This is tutorial demonstrates how to use Spark in Apache Zeppelin for a machine learning exercise. To run this exercise, follow the Zeppelin notebook described below.
Wait about 5 minutes for Zeppelin to download and install.
- Open Zeppelin in the toolbar tab
- Wait up to 5 minutes for Zeppelin to start. The tab will automatically refresh.
- Refresh the Zeppelin notebooks.
- Open and run the Forest Fire Prediction notebook. 🔥
The Zeppelin notebook trains a kmeans model for fire prediction.

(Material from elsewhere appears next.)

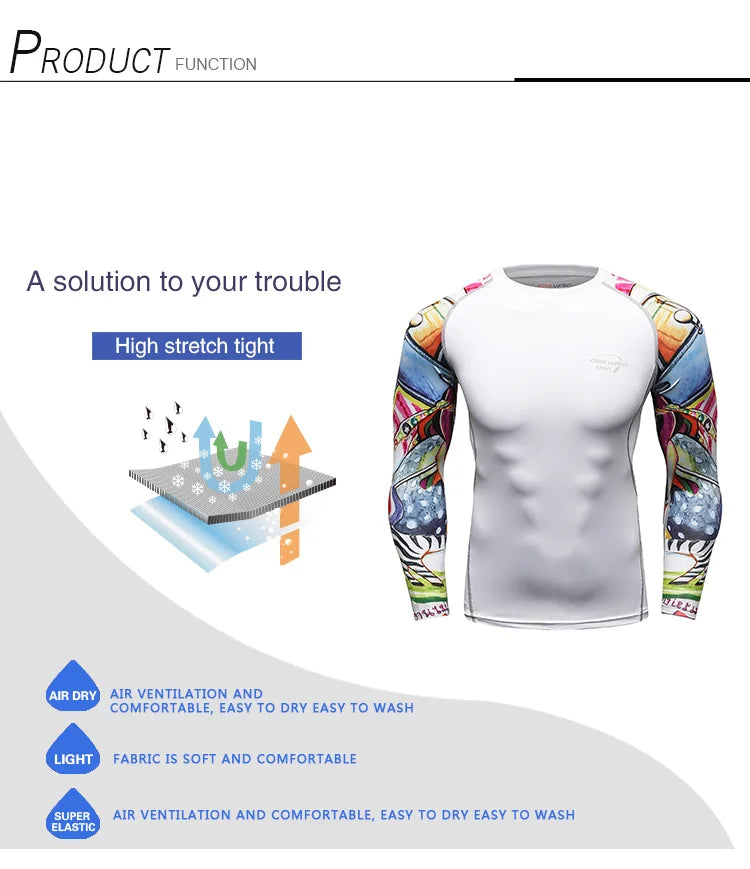 Cody Lundin Quikly Dye Mesh Men's Digital Printed Compression Rash Guard Gym Long Sleeve Jiu Jitsu Shirt Sportswear Swimming Top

A pre-built kmeans model has been included so you don't have to run the entire Zeppelin notebook. If you want to use the pre-built model to demonstrate kmeans on streaming data, do this:
- Run the Spark ML job which applies kmeans on a stream of lat,long coordinates. This represents a service that listens for fires (the lat/long) and assigns a cluster id (i.e. "fire station") to respond to that fire:
/opt/mapr/spark/spark-2.3.1/bin/spark-submit --class com.sparkkafka.fire.SparkKafkaConsumerProducer --master local /root/mapr-sparkml-streaming-fires-1.0-jar-with-dependencies.jar /mapr/demo.mapr.com/user/mapr/data/save_fire_model-cascadia /user/mapr/ml_input:requester001 /user/mapr/ml_output:kmeans001
- Open the KMeans Input window and enter a lat,long value (e.g: 42.988,-121.272). This represents the location for a new fire.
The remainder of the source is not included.